Single by Donell Jones

from the album Where I Wanna Be
- Released: June 20, 2000
- Recorded: 1999
- Genre: R&B
- Length: 4:13
- Label: LaFace; Arista;
- Songwriter(s): Donell Jones; Kyle West;
- Producer(s): Donell Jones; Kyle West;

Donell Jones singles chronology
| "This Luv" (2000) | "Where I Wanna Be" (2000) | "You Know That I Love You" (2002) |

= Where I Wanna Be (Donell Jones song) =

"Where I Wanna Be" is a song by American R&B singer Donell Jones. It was written and produced by Jones and Kyle West for his same-titled second album (1999). Released as the album's fourth and final single, the song charted at number Twenty nine on the US Billboard Hot 100 chart and number two on the Hot R&B/Hip-Hop Songs, marking his second top five hit on the latter chart. A sequel to the song titled "Where You Are (Is Where I Wanna Be) (Part 2)" appeared on Jones' next album Life Goes On in 2002. The track has significantly influenced the R&B genre, evident in its widespread sampling by prominent artists. Notably, in 2017, singer Mariah Carey incorporated elements of the song into her single "I Don't", featuring rapper YG.

==Track listings==

CD single
1. "Where I Wanna Be" (Album Version)
2. "Where I Wanna Be" (Instrumental)
3. "Where I Wanna Be" (Call Out Hook)

12" single
1. "Where I Wanna Be" (Album Version)
2. "This Luv" (Album Version)
3. "Where I Wanna Be" (Instrumental)
4. "Where I Wanna Be" (Acapella)

==Charts==

===Weekly charts===

| Chart (2000) | Peak position |
|---|---|
| US Billboard Hot 100 | 29 |
| US Hot R&B/Hip-Hop Songs (Billboard) | 2 |

===Year-end charts===

| Chart (2000) | Position |
|---|---|
| US Billboard Hot 100 | 81 |
| US Hot R&B/Hip-Hop Songs (Billboard) | 10 |

== Samplings ==
In 2010, J. Cole sampled a snippet of the chorus into "Love Me Not" on his mixtape Friday Night Lights.

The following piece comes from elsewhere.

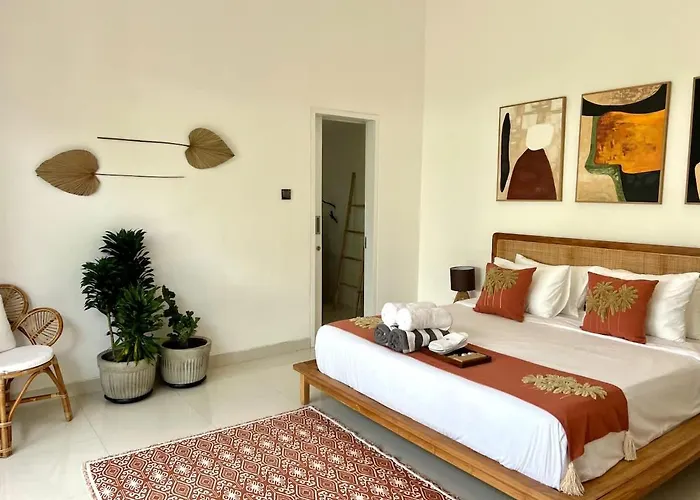 3br Luxury Retreat Umalas With Pool - Theo Вилла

In 2016, the instrumental was sampled in "LSD" by Jamila Woods featuring Chance the Rapper off her album "Heavn".

The following year in 2017, Mariah Carey released the single "I Don't" featuring rapper YG, which sampled and interpolated multiple elements from "Where I Wanna Be".

That same year, Chris Brown sampled the melody of the chorus on his song "Hope You Do" a track of his studio album "Heartbreak on a Full Moon".

In 2021, singer Tone Stith interpolated the chorus for his song "When You Love Someone", featuring H.E.R.